Return the following lines and nothing else: the one holding "Women's Coffee Shop Faux Fur Hooded Vest 2" and all those after it in the records below, unchanged, minus any pictures.

Image-caption web data
------------------------------------

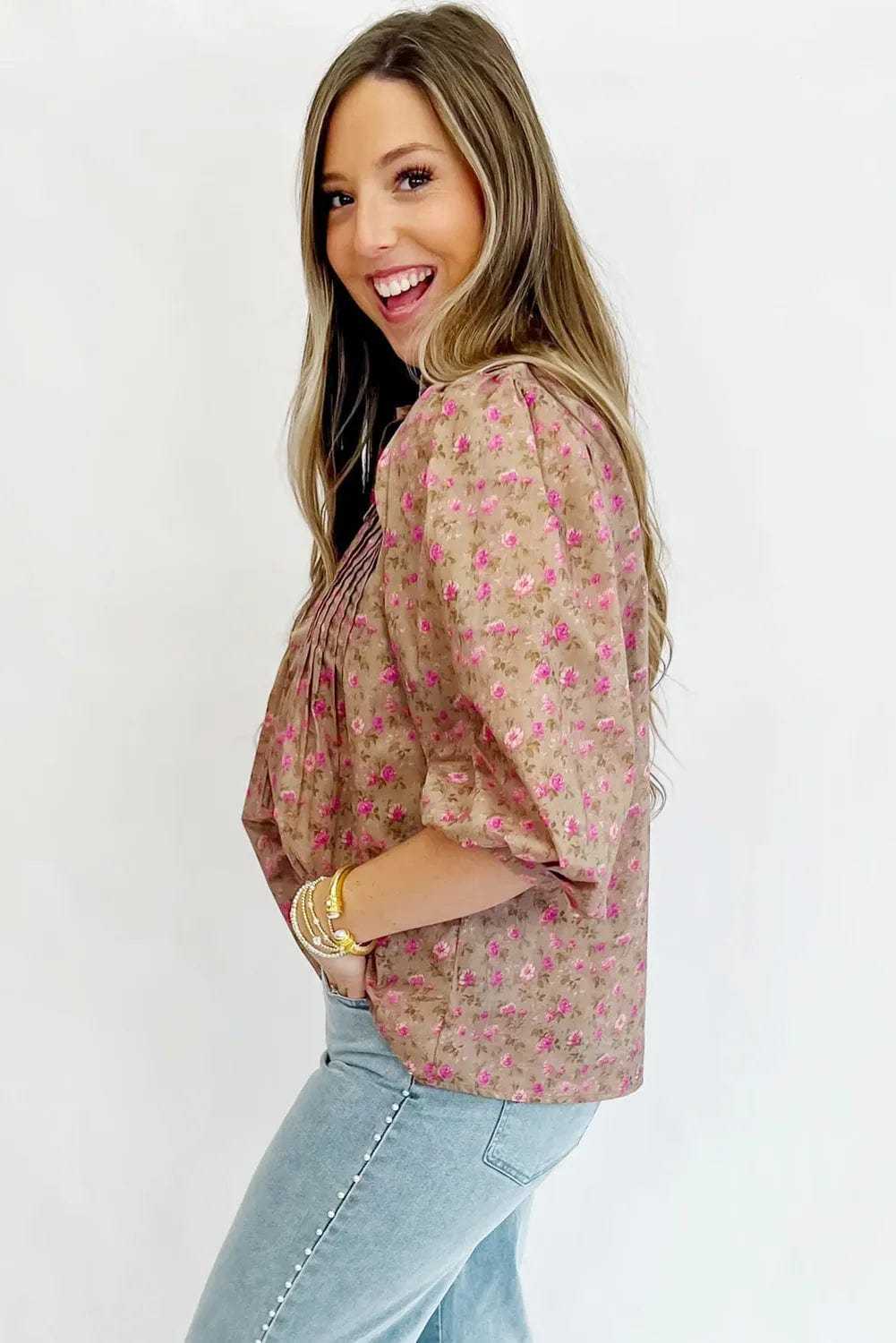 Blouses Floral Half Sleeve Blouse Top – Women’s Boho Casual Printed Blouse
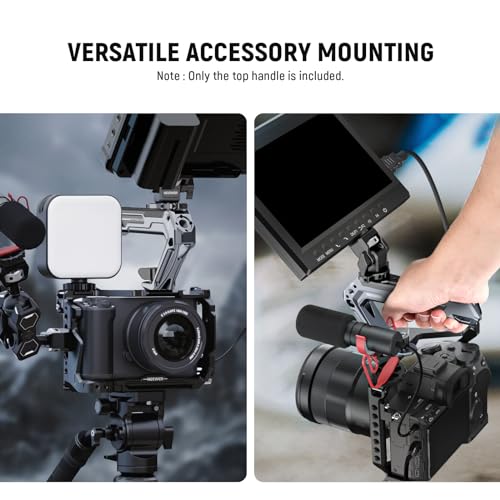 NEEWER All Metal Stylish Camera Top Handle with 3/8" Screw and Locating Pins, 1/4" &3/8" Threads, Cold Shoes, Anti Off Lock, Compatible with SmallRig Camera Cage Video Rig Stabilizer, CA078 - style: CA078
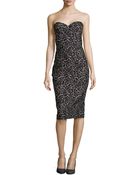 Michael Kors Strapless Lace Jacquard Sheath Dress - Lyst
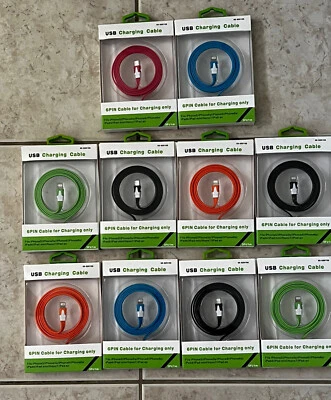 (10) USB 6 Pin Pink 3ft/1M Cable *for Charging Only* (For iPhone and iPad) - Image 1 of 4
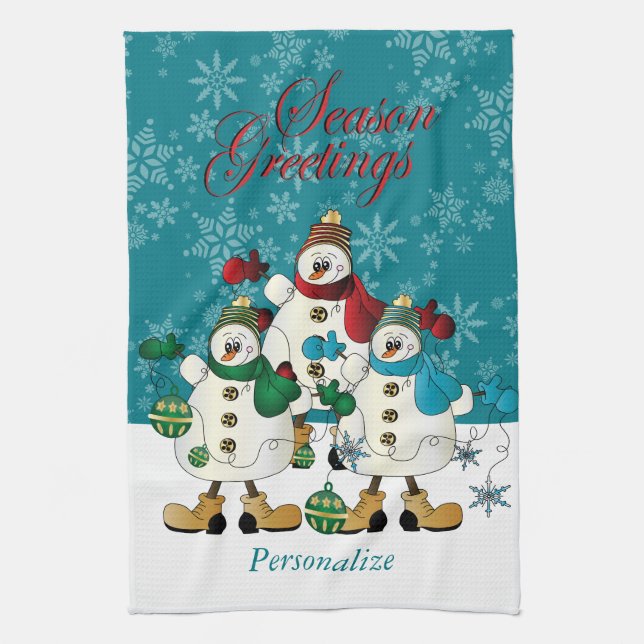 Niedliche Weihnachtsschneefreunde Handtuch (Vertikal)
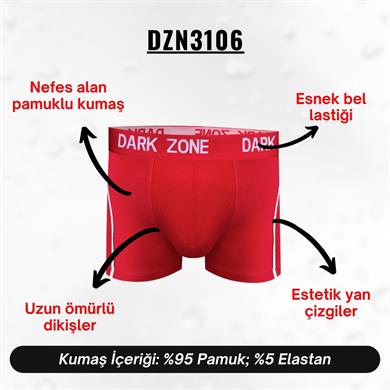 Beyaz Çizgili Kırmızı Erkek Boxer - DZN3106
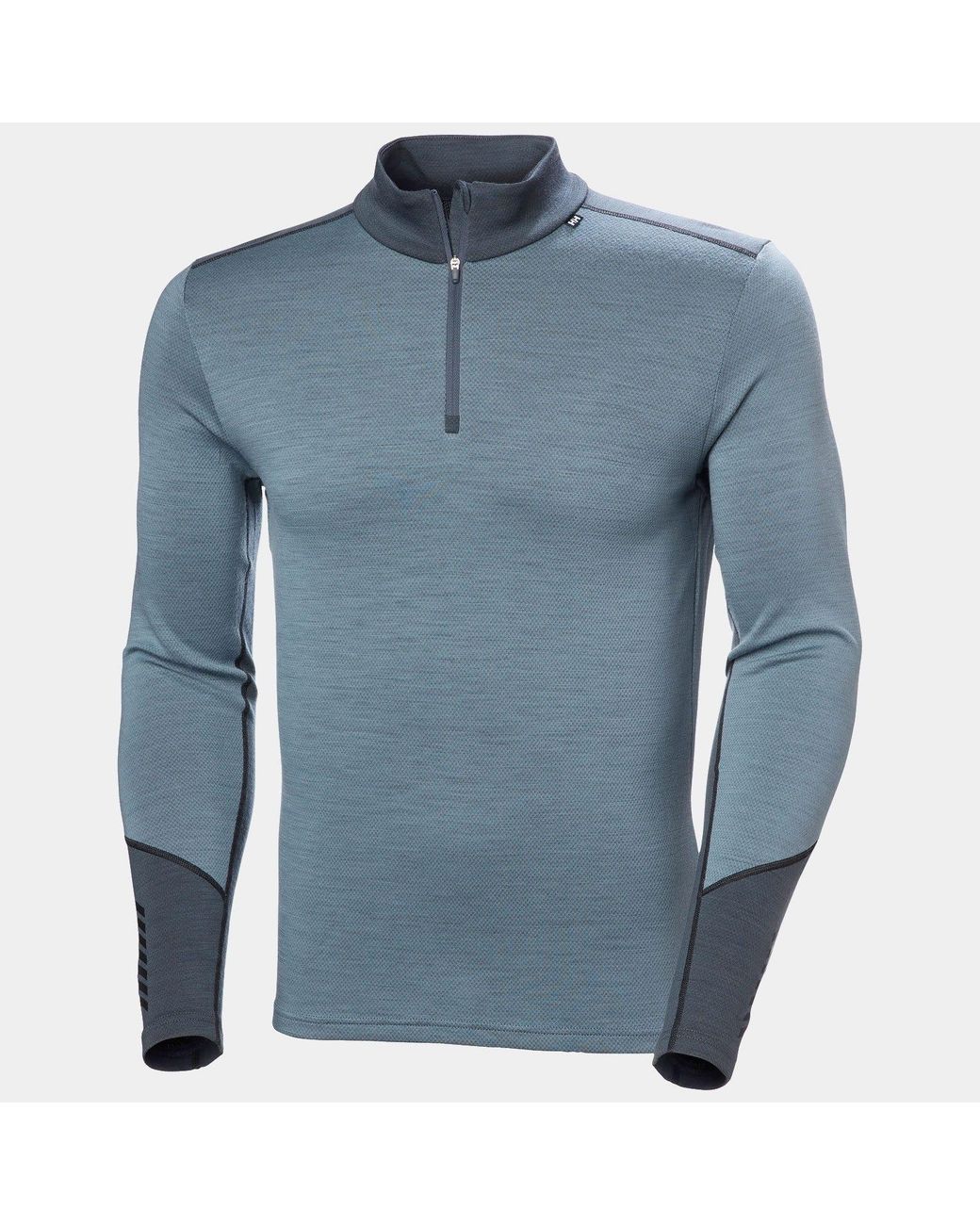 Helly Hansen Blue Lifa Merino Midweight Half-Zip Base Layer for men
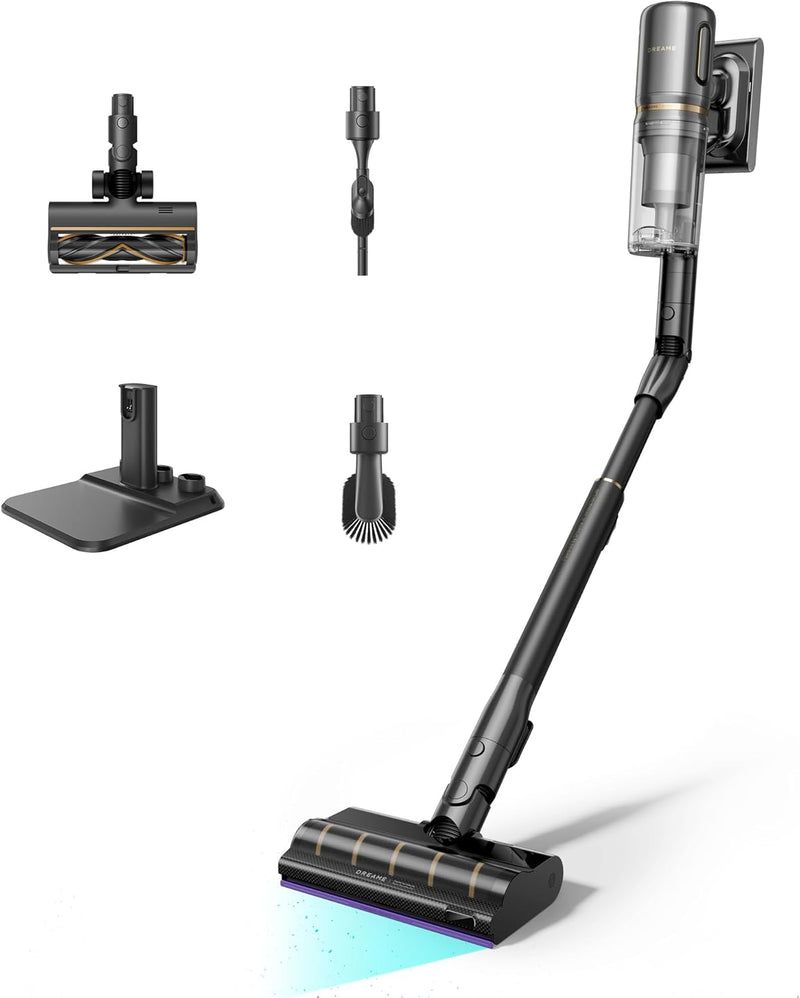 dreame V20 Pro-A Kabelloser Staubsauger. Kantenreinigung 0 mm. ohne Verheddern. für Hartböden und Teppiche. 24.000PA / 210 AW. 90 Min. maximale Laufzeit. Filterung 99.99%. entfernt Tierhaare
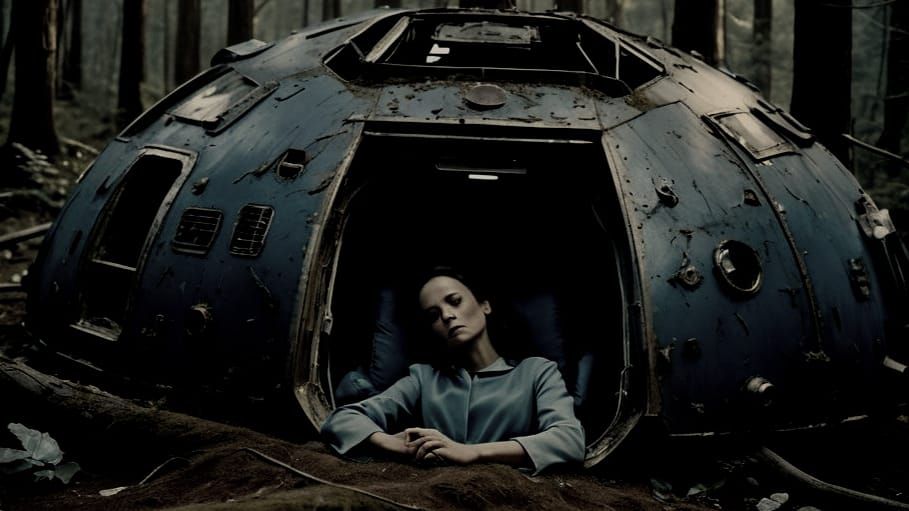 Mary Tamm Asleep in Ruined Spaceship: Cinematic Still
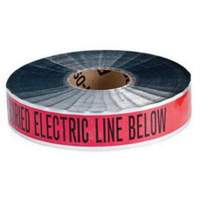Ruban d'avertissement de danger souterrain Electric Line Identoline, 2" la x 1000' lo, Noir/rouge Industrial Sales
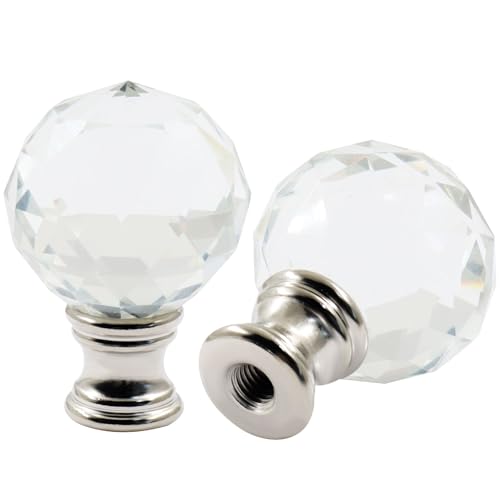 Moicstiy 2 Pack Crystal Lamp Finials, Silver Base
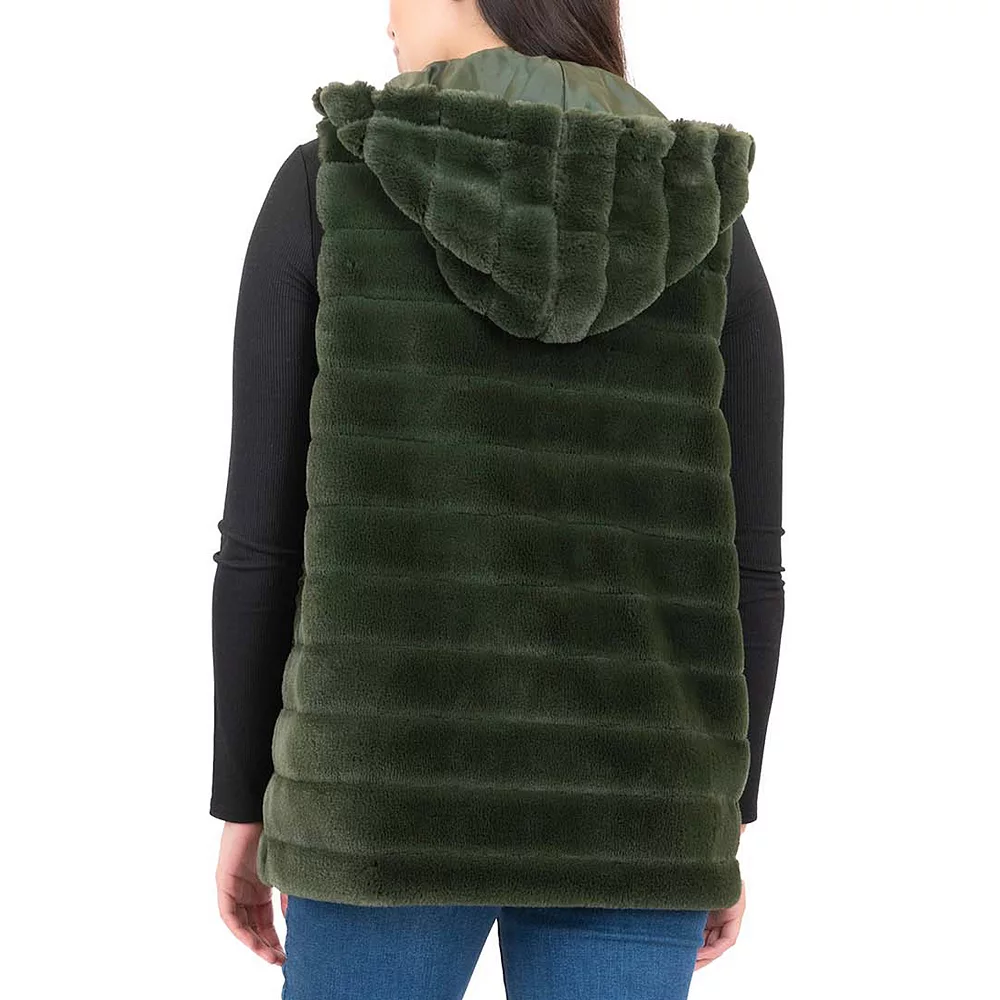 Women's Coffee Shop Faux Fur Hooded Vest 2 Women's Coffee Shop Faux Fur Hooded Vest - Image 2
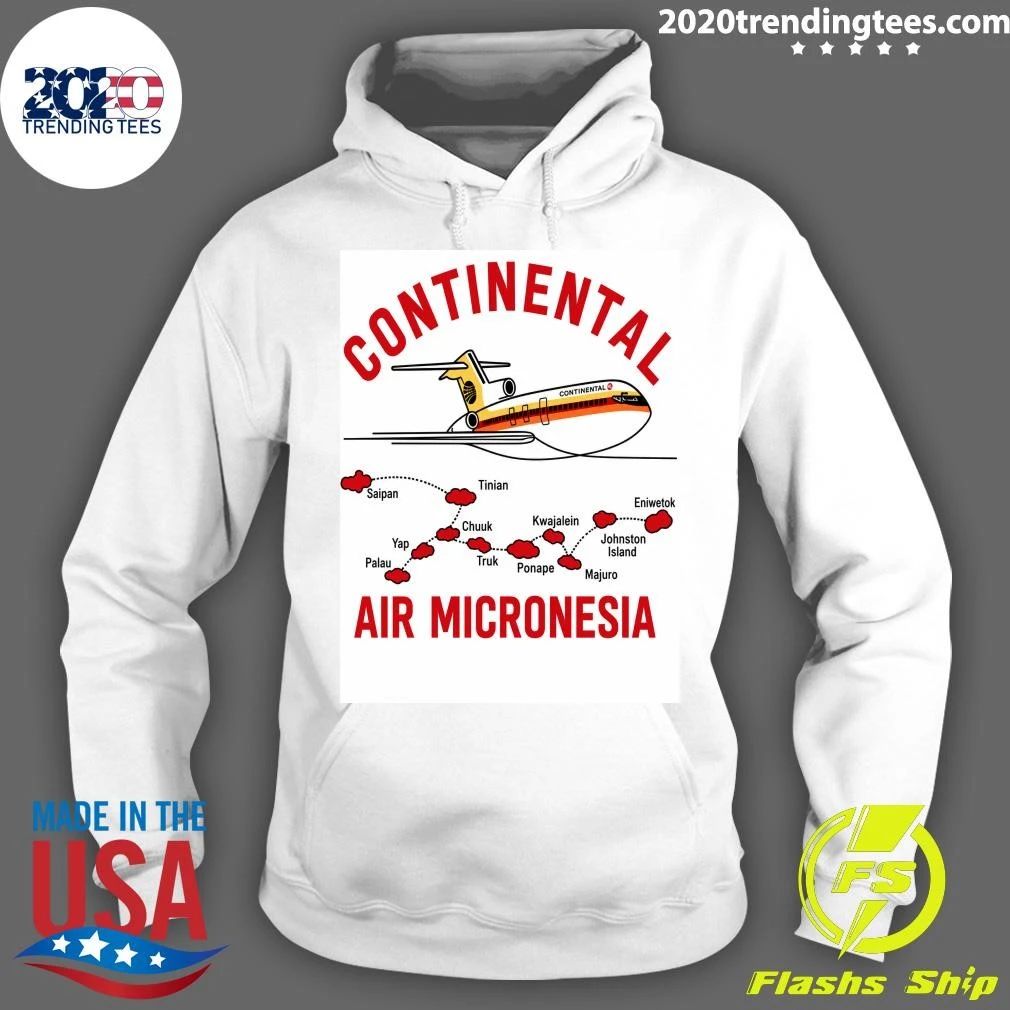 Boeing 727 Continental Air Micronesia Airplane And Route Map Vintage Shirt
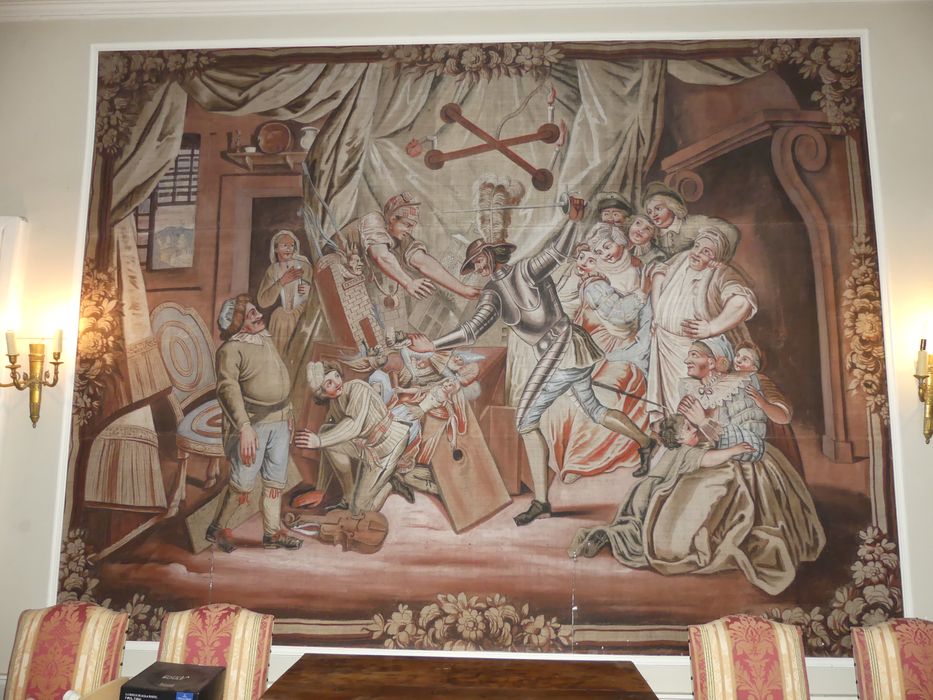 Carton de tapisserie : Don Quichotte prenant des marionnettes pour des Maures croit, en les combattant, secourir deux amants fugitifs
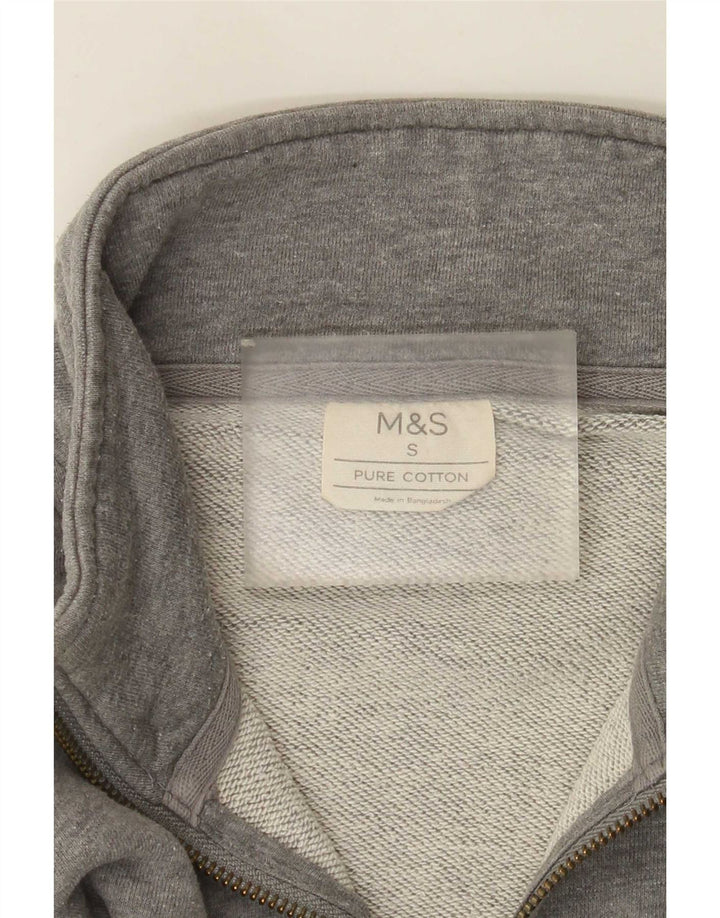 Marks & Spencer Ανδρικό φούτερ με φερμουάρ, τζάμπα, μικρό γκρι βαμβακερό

------------------------------------

# ANSWER TO THE EXERCISE
 Women's Coffee Shop Faux Fur Hooded Vest 2 Women's Coffee Shop Faux Fur Hooded Vest - Image 2
 Boeing 727 Continental Air Micronesia Airplane And Route Map Vintage Shirt
 Carton de tapisserie : Don Quichotte prenant des marionnettes pour des Maures croit, en les combattant, secourir deux amants fugitifs
 Marks & Spencer Ανδρικό φούτερ με φερμουάρ, τζάμπα, μικρό γκρι βαμβακερό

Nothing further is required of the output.